Records to process ->
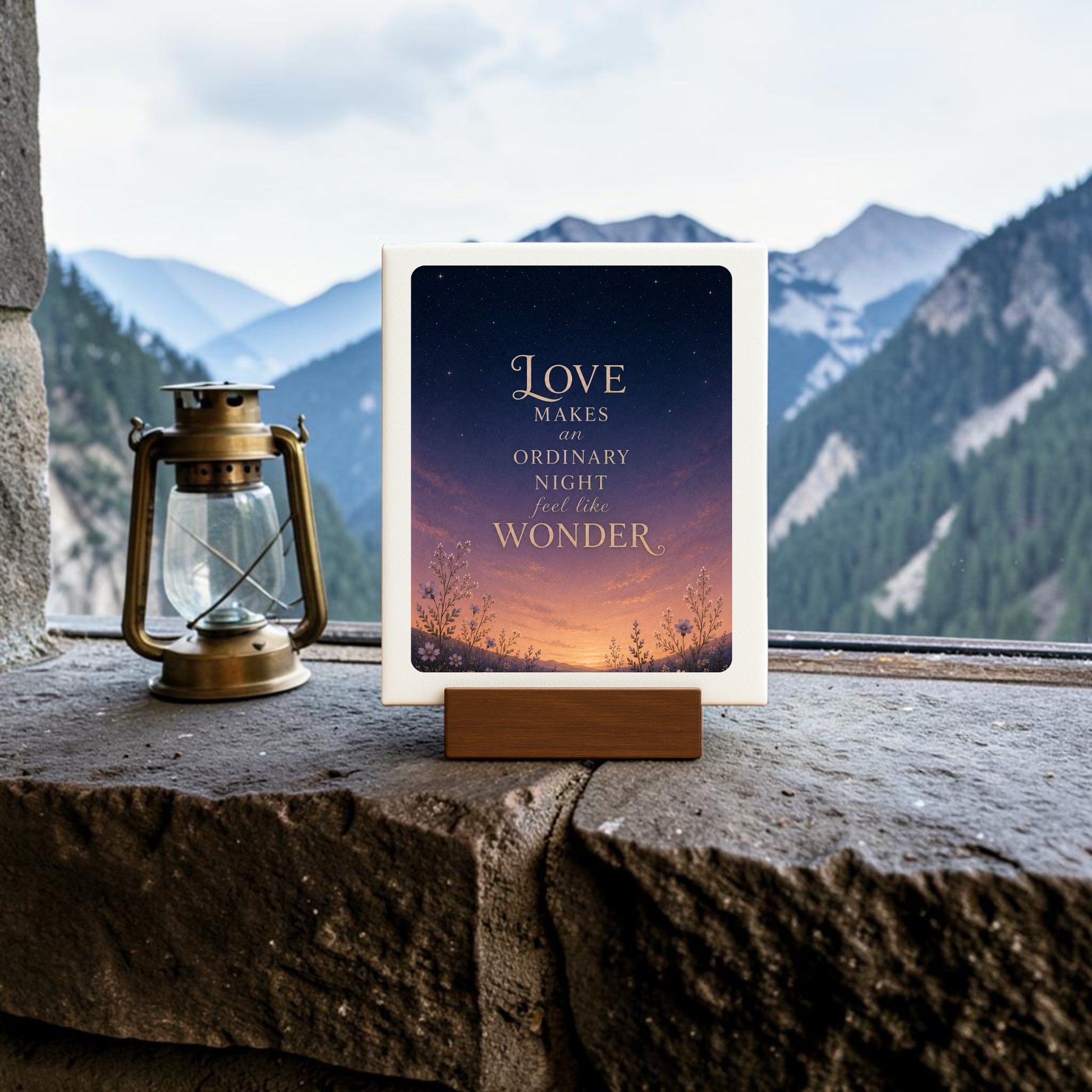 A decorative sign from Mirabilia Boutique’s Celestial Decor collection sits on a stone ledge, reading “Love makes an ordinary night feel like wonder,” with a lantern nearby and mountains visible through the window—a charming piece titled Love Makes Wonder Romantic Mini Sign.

...

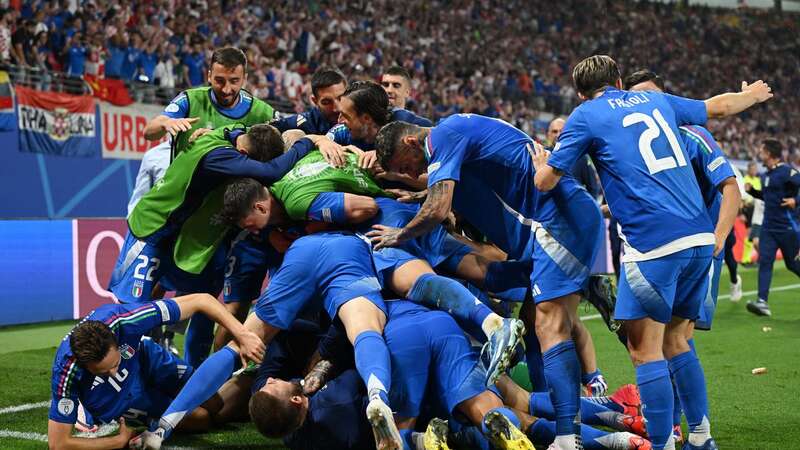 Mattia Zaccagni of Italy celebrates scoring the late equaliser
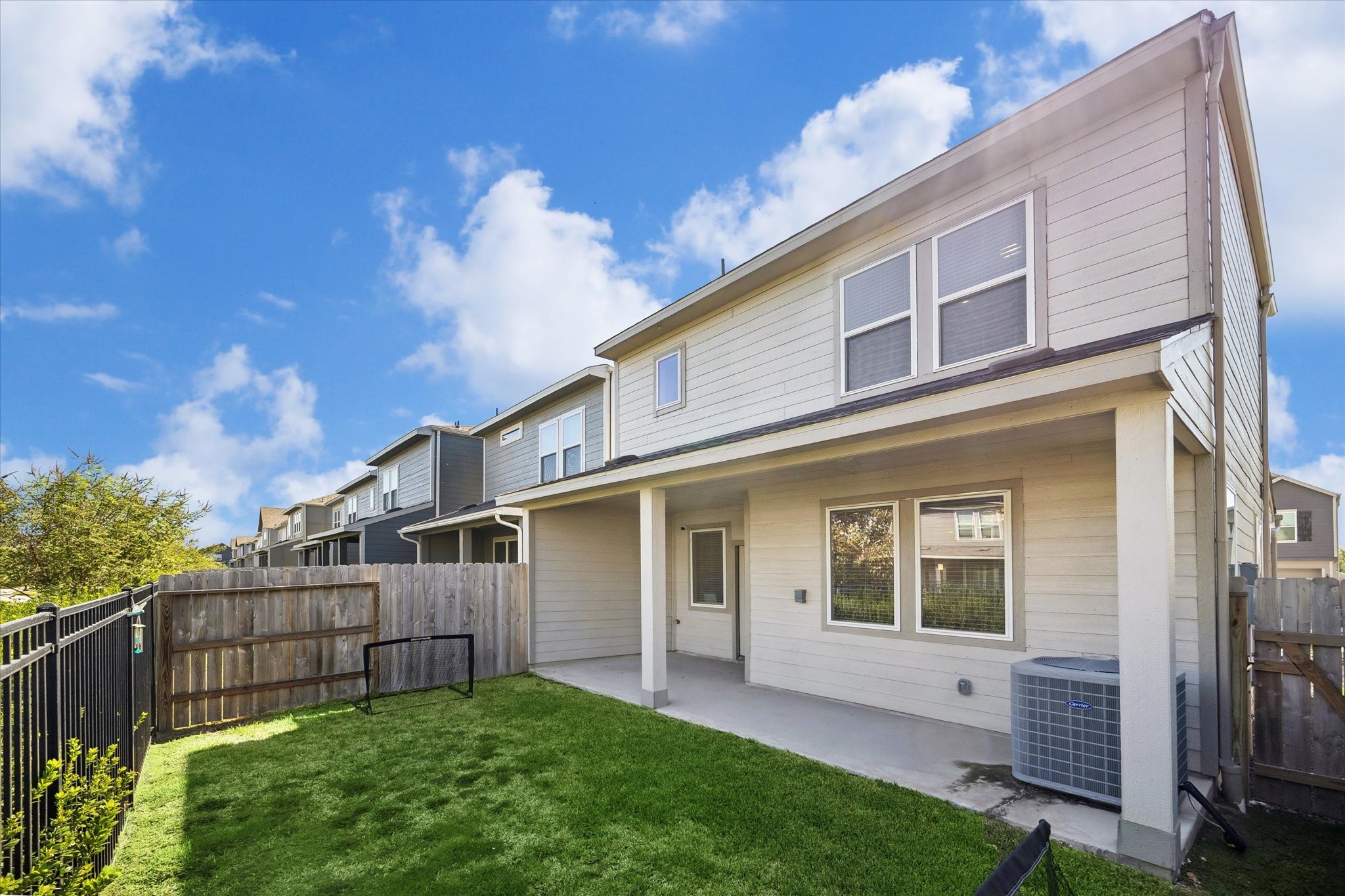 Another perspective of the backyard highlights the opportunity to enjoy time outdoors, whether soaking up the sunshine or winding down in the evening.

Task objective ->
What you write out is the stretch of entries from the line containing "Mattia Zaccagni of" to the line containing "Another perspective of", word for word, with both end lines and no pictures.

Answer to this problem ->
 Mattia Zaccagni of Italy celebrates scoring the late equaliser
 Another perspective of the backyard highlights the opportunity to enjoy time outdoors, whether soaking up the sunshine or winding down in the evening.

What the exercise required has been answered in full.